“Él riega los montes desde sus aposentos, del fruto de sus obras se sacia la tierra. Él hace brotar la hierba para el ganado, y las plantas para el servicio del hombre, para que él saque alimento de la tierra, y vino que alegra el corazón del hombre, para que haga brillar con aceite su rostro, y alimento que fortalece el corazón del hombre. Los árboles del Señor se sacian, los cedros del Líbano que el plantó, donde hacen sus nidos las aves, y la cigüeña, cuya morada está en los cipreses” (Salmo 104:13-17).
Lectura: Salmo 104:16-23.
Aquellos de nosotros que hemos pasado de la sequía a la abundancia de agua en estos días nos maravillamos con la misericordia de Dios. Con todo lo modernos que somos, no podemos vivir sin agua, ni podemos hacer que llueva. La angustia de estos meses pasados ha sido muy fuerte, viendo venir la primavera sin agua. Los cielos se ponían negros una y otra vez solamente para ver desaparecer las nubes tras vientos recios dejando la tierra tan árida como antes. Daba pena ver las hojas brotar como en todas las primaveras, los árboles pensando que vendría el agua como siempre, por fe creyendo que llovería, y luego viendo que no. La naturaleza cuenta con la fidelidad de Dios. Los pájaros cantaban, pero ¿dónde iban a encontrar agua en los meses del calor, si no llovía? Los animalitos del bosque perderían su hábitat, su comida y su bebida. No había agua para regar los jardines. ¿Tendríamos que ver secarse los jardines de las plazas y de las calles? ¿Tendríamos parques de cemento sin vegetación? ¿Qué de todos los arbustos que habíamos plantado? ¿Era cuestión de dejarlos morir de sed? Con cada nube que veíamos, pedíamos que Dios enviase agua del cielo, hasta que Dios escuchó nuestro clamor, juntamente con el de su creación, y nos envió lluvias en abundancia. Cumplió su Palabra: “Los árboles del Señor se sacian”, o como lo expresa otra versión: “Los árboles del Señor están bien regados”.

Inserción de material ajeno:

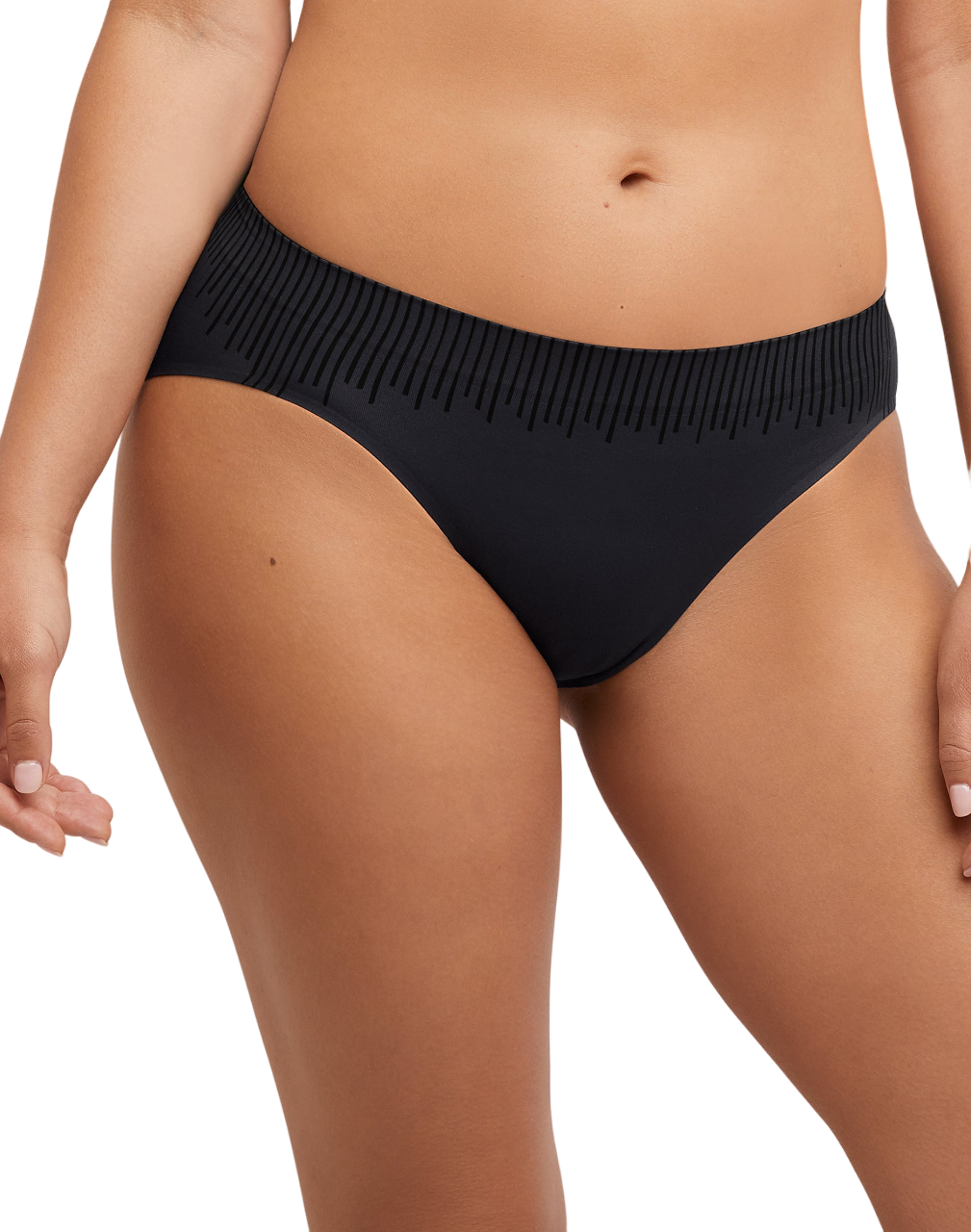 Bali Culotte Confort Révolution Moderne Sans Couture Taille Haute pour Femmes, 6, Noir
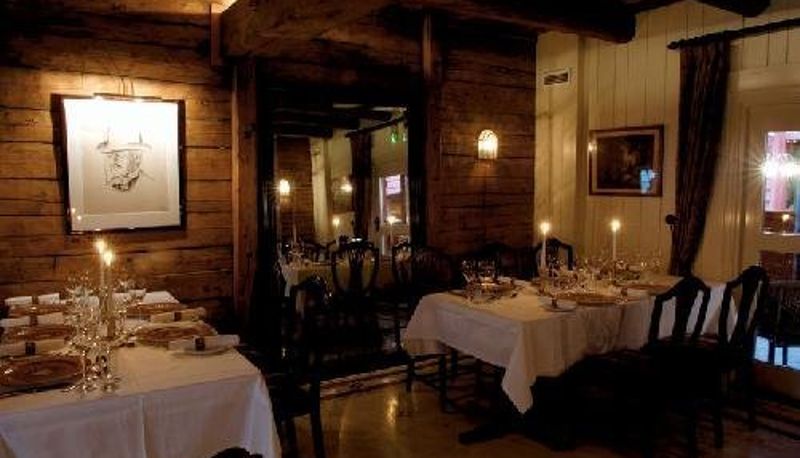 Restaurante - DET HANSEATISKE HOTEL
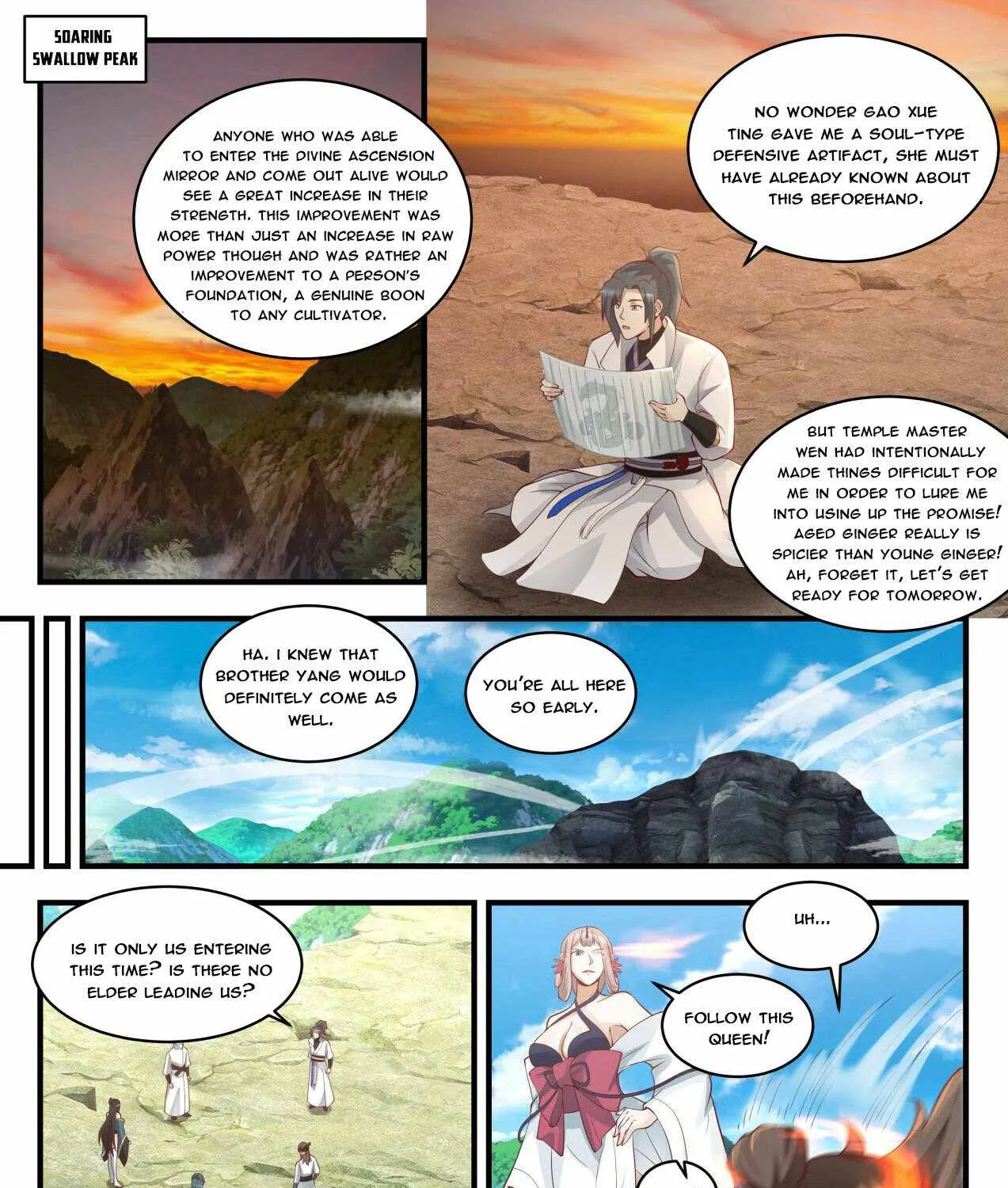 Read Martial Peak chapter 1764 image 10 on Lezhin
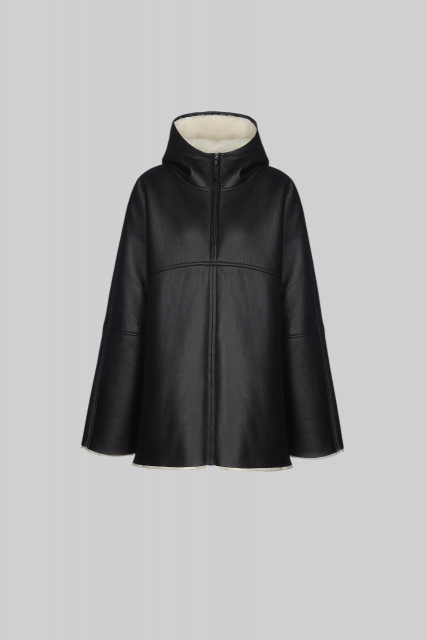 Дубленка - анорак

Los que viven en ciudades no están en contacto con la naturaleza como los que vivimos en el campo. No tienen ni idea de cuánta agua hace falta para regar un árbol. Es inútil regar un árbol con una manguera, porque no puedes. Necesita demasiada agua. Tiene que penetrar la tierra dura y bajar hasta llegar a donde están las raíces. Y hay miles y miles de árboles. ¿Cómo puedes regar todos ellos? Esta es la maravilla de la lluvia. De golpe, Dios riega a todos sus árboles a la vez. Y es hermoso ver cómo se abren para recibir la lluvia. Disfrutan. Beben y beben la deliciosa agua hasta saciarse. Se refrescan y brillan con nueva luz. En los días después de muchas lluvias casi los oyes cantar. Tienen otro aspecto: satisfechos, contentos, relucientes, prósperos y agradecidos. Se dan cuenta de que Dios ha pasado por allí: “Él pone las nubes por su carroza, y anda sobre las alas del viento; hace a los vientos sus mensajeros” (104:3, 4), para comunicar sus maravillas en el mundo de la naturaleza.
Tomando ejemplo de los árboles, nos abrimos bajo la copiosa misericordia de Dios para beber de su bondad y refrescar nuestras almas.